You might want to look at the GRANULARITY
parameter of DBMS_STATS.GATHER_TABLE_STATS
.
By default, statistics are gathered for the partition as well as for the global table. Changing the value to APPROX_GLOBAL AND PARTITION
may avoid re-gathering statistics for the global table.
INCREMENTAL
is definitely a good idea and should be able to significantly help. Although there are some limitations to incremental statistics. For example, you must gather with the default ESTIMATE_PERCENT
.
The reason why gathering statistics for a single partition is slow is a long story.
It starts with the optimizer needing to to know both the number of values and the number of distinct values. The number of distinct values is often more useful. For example, if we query select * from employee where employee_id = 1
, Oracle can look at the distinctness of EMPLOYEE_ID
, determine that the predicate returns one row, and an index would be perfect. On the other hand, if we query select * from employee where status = 'terminated'
, Oracle can look at the distinctness of STATUS
, determine the predicate returns many rows, and a full table scan is a better match.

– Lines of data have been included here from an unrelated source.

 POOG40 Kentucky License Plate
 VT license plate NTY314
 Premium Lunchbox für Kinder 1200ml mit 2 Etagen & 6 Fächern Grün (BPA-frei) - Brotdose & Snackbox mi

Finding the number of distinct values is more complicated than finding the total number of values. A naive algorithm would sort or hash the values, but that requires a lot of time and space. Instead, Oracle can use an algorithm like HyperLogLog to estimate the values based on a single pass of the table. This is why you need to keep the ESTIMATE_PERCENT
to the default value - it's faster to scan the whole table than to sort 10% of the table.

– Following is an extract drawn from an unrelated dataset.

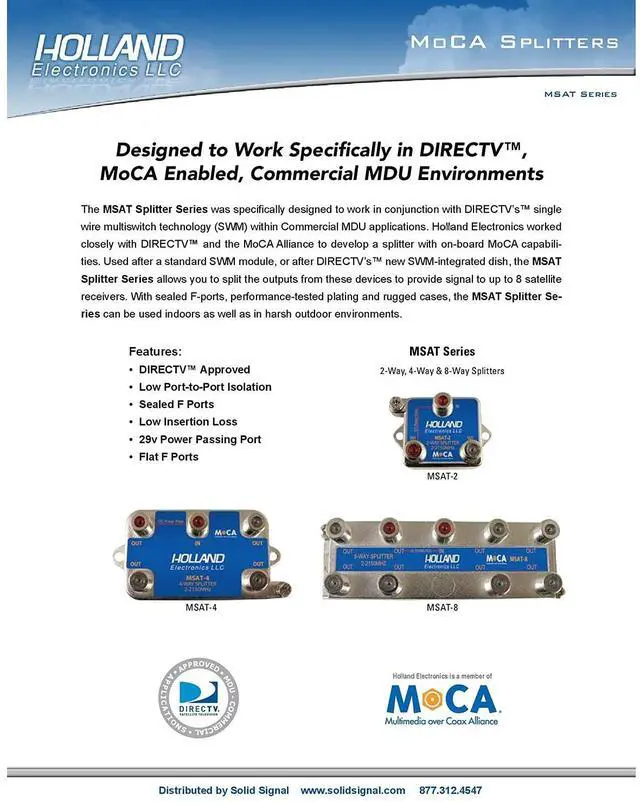 Alt view image 4 of 5 - Splitter, 2-Way, MoCa enabling, 2-2150Mhz, DirecTV Approved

But finding the number of distinct values gets more complicated with partitioning. Oracle needs to know the number of distinct values per partition and for the whole table. Adding a small number of rows to a single partition could significantly change the results for the entire table, which is why Oracle by default has to re-scan the entire table.
For example, think of the birthday problem. Imagine there's a partition for groups of people, with a BIRTHDAY
column. If partition A has 15 distinct birthdays, and partition B has 15 distinct birthdays, how many distinct birthdays does the entire table have? Probably less than 30.
Incremental statistics solves that problem by creating a synopsis for each partition. Those synopses can be quickly combined together to re-estimate the global number of distinct values without re-scanning each partition. It only requires storing a little bit of extra data for each partition.